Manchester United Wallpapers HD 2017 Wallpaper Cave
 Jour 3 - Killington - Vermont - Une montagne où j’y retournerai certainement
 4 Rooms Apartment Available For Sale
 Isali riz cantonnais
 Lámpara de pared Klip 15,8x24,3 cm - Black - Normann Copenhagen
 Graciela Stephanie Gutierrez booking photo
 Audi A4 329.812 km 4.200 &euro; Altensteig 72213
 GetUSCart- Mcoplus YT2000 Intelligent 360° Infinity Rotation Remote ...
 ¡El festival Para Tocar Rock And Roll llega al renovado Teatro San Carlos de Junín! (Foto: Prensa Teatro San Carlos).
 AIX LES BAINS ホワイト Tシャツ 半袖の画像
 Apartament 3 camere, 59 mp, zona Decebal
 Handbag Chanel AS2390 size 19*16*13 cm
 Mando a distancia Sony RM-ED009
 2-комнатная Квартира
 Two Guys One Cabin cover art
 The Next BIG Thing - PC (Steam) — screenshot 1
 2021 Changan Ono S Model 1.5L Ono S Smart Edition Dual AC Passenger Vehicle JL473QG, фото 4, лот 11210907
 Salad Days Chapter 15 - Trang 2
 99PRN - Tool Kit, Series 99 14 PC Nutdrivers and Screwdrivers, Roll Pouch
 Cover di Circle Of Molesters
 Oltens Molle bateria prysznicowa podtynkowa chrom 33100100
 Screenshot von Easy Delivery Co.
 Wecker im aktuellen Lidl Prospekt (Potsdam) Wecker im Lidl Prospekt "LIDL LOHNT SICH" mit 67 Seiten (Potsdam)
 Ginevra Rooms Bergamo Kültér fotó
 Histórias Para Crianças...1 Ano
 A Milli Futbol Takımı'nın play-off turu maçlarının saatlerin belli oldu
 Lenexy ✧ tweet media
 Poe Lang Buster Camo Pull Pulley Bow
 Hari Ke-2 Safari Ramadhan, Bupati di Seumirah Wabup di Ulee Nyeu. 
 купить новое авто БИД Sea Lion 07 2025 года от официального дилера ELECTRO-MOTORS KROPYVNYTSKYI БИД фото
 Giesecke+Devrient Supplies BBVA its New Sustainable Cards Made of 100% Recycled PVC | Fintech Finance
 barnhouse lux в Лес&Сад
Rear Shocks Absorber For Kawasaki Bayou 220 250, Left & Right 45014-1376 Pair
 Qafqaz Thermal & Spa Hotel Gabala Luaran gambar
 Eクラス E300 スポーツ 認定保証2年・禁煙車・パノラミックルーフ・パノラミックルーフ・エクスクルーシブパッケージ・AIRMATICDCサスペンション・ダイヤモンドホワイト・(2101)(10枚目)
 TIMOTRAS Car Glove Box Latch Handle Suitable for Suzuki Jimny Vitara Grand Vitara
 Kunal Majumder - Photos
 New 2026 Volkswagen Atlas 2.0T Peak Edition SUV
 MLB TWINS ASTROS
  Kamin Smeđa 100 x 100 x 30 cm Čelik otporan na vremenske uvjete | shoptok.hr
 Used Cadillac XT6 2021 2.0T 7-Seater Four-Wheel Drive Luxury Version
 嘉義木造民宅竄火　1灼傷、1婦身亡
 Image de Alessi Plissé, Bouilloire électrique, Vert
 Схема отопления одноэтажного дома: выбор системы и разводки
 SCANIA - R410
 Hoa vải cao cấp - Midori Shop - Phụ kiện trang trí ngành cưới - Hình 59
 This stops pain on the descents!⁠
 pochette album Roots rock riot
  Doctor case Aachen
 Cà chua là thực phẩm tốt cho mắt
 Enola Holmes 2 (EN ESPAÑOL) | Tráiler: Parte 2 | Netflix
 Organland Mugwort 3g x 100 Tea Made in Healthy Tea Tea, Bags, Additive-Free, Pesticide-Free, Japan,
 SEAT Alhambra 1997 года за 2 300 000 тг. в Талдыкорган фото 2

> [WHAT YOU ARE ASKED TO DO] Output only an exact transcription of the lines above from the one with "Graciela Stephanie Gutierrez booking photo" up to and including the one with "Qafqaz Thermal &".

> [SOLUTION TO THE PROBLEM]
 Graciela Stephanie Gutierrez booking photo
 Audi A4 329.812 km 4.200 &euro; Altensteig 72213
 GetUSCart- Mcoplus YT2000 Intelligent 360° Infinity Rotation Remote ...
 ¡El festival Para Tocar Rock And Roll llega al renovado Teatro San Carlos de Junín! (Foto: Prensa Teatro San Carlos).
 AIX LES BAINS ホワイト Tシャツ 半袖の画像
 Apartament 3 camere, 59 mp, zona Decebal
 Handbag Chanel AS2390 size 19*16*13 cm
 Mando a distancia Sony RM-ED009
 2-комнатная Квартира
 Two Guys One Cabin cover art
 The Next BIG Thing - PC (Steam) — screenshot 1
 2021 Changan Ono S Model 1.5L Ono S Smart Edition Dual AC Passenger Vehicle JL473QG, фото 4, лот 11210907
 Salad Days Chapter 15 - Trang 2
 99PRN - Tool Kit, Series 99 14 PC Nutdrivers and Screwdrivers, Roll Pouch
 Cover di Circle Of Molesters
 Oltens Molle bateria prysznicowa podtynkowa chrom 33100100
 Screenshot von Easy Delivery Co.
 Wecker im aktuellen Lidl Prospekt (Potsdam) Wecker im Lidl Prospekt "LIDL LOHNT SICH" mit 67 Seiten (Potsdam)
 Ginevra Rooms Bergamo Kültér fotó
 Histórias Para Crianças...1 Ano
 A Milli Futbol Takımı'nın play-off turu maçlarının saatlerin belli oldu
 Lenexy ✧ tweet media
 Poe Lang Buster Camo Pull Pulley Bow
 Hari Ke-2 Safari Ramadhan, Bupati di Seumirah Wabup di Ulee Nyeu. 
 купить новое авто БИД Sea Lion 07 2025 года от официального дилера ELECTRO-MOTORS KROPYVNYTSKYI БИД фото
 Giesecke+Devrient Supplies BBVA its New Sustainable Cards Made of 100% Recycled PVC | Fintech Finance
 barnhouse lux в Лес&Сад
Rear Shocks Absorber For Kawasaki Bayou 220 250, Left & Right 45014-1376 Pair
 Qafqaz Thermal & Spa Hotel Gabala Luaran gambar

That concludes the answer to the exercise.